• DATA FOR THIS TASK
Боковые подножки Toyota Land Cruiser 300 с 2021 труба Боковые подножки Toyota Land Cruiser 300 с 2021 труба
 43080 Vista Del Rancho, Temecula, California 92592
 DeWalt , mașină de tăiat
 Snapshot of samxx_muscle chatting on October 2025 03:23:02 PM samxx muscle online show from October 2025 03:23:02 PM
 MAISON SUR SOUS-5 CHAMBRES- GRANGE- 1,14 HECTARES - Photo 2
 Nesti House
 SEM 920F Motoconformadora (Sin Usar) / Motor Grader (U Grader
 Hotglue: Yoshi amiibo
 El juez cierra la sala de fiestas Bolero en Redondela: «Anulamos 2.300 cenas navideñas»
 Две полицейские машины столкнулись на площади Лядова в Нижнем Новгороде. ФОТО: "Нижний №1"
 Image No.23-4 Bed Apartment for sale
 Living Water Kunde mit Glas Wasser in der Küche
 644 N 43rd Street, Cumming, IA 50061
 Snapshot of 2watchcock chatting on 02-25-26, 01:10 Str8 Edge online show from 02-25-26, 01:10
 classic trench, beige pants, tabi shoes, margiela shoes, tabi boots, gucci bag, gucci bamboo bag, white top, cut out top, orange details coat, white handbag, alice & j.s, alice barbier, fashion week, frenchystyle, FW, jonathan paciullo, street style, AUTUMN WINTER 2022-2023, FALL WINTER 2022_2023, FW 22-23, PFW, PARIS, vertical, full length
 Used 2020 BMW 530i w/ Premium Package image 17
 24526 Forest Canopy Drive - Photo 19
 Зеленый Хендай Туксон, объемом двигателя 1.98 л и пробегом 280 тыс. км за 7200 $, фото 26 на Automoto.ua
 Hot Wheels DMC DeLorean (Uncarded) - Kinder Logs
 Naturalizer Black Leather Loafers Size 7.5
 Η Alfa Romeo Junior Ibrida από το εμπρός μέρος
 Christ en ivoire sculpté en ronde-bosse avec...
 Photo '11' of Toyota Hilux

• WHAT THE EXERCISE ASKS
Retype, exactly and in full, the lines above from the one containing "Две полицейские машины" through the one containing "Hot Wheels DMC".

• TASK ANSWER
 Две полицейские машины столкнулись на площади Лядова в Нижнем Новгороде. ФОТО: "Нижний №1"
 Image No.23-4 Bed Apartment for sale
 Living Water Kunde mit Glas Wasser in der Küche
 644 N 43rd Street, Cumming, IA 50061
 Snapshot of 2watchcock chatting on 02-25-26, 01:10 Str8 Edge online show from 02-25-26, 01:10
 classic trench, beige pants, tabi shoes, margiela shoes, tabi boots, gucci bag, gucci bamboo bag, white top, cut out top, orange details coat, white handbag, alice & j.s, alice barbier, fashion week, frenchystyle, FW, jonathan paciullo, street style, AUTUMN WINTER 2022-2023, FALL WINTER 2022_2023, FW 22-23, PFW, PARIS, vertical, full length
 Used 2020 BMW 530i w/ Premium Package image 17
 24526 Forest Canopy Drive - Photo 19
 Зеленый Хендай Туксон, объемом двигателя 1.98 л и пробегом 280 тыс. км за 7200 $, фото 26 на Automoto.ua
 Hot Wheels DMC DeLorean (Uncarded) - Kinder Logs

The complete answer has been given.